Yesterday Texas Governor Rick Perry ended his race for the Republican nomination for President. His brief campaign started with a bang and ended with a whimper — his departure wasn’t even the top news story on a day that featured stories about open marriages and another debate — but it’s worth some reflection.
When Perry came into the race a few months ago he was viewed as a formidable contender. Why not? He is the popular, long-standing governor of one of our largest states. Moreover, Texas’ economic and job-creation performance has been a bright spot during the recent economic doldrums. Perry seemed like a candidate who could present a sharp contrast with President Obama on the job and economic issues that are the primary concerns of most Americans.
Alas for Governor Perry, he just wasn’t ready for a presidential campaign.
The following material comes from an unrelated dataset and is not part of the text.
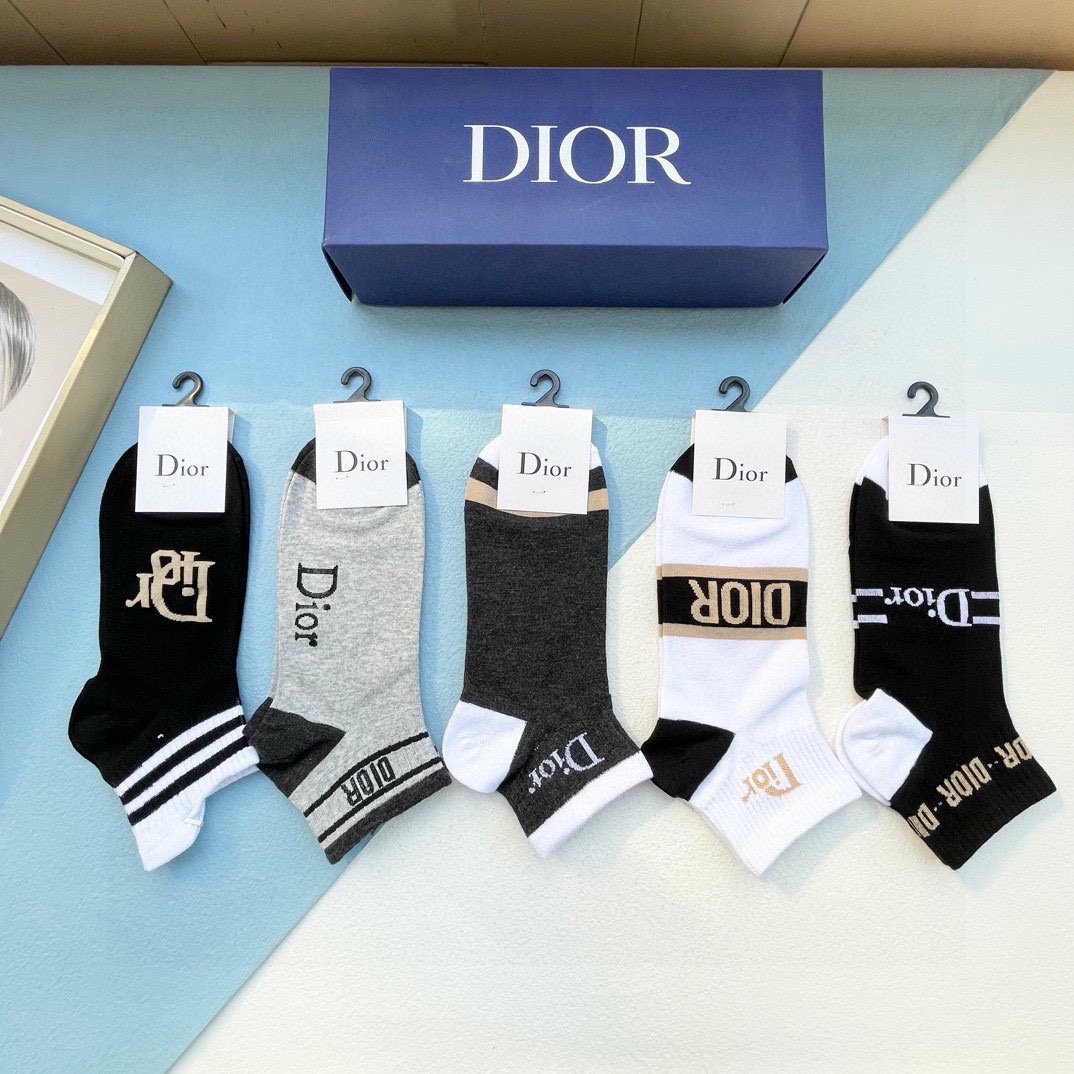  配包装【一盒五双】DIOR 迪奥ins超火爆小单品，Vintage 必备单品 🌟潮人必备 爆款，复古纹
His stumbling performances in debates caused his poll numbers to shrivel to insignificance and led his potential supporters to look elsewhere. He seemed unsteady, and never could gain traction. The spotlight quickly moved on to others, and by the end of his campaign, Perry had become almost an irrelevant figure.
Perry’s rise and fall shows that running for President is different in kind, and not just in degree, from other political races. The intensity of media scrutiny and criticism, the crucial role of capable staffing and planning, the paramount need to respond quickly and forcefully to missteps or changed circumstances — all of these distinguish a presidential campaign from, say, a governor’s race in your home state.
The story of Rick Perry is one that every potential candidate for President should consider before they make the decision to run. Seeking the presidency is brutal. Are they truly ready, where he wasn’t?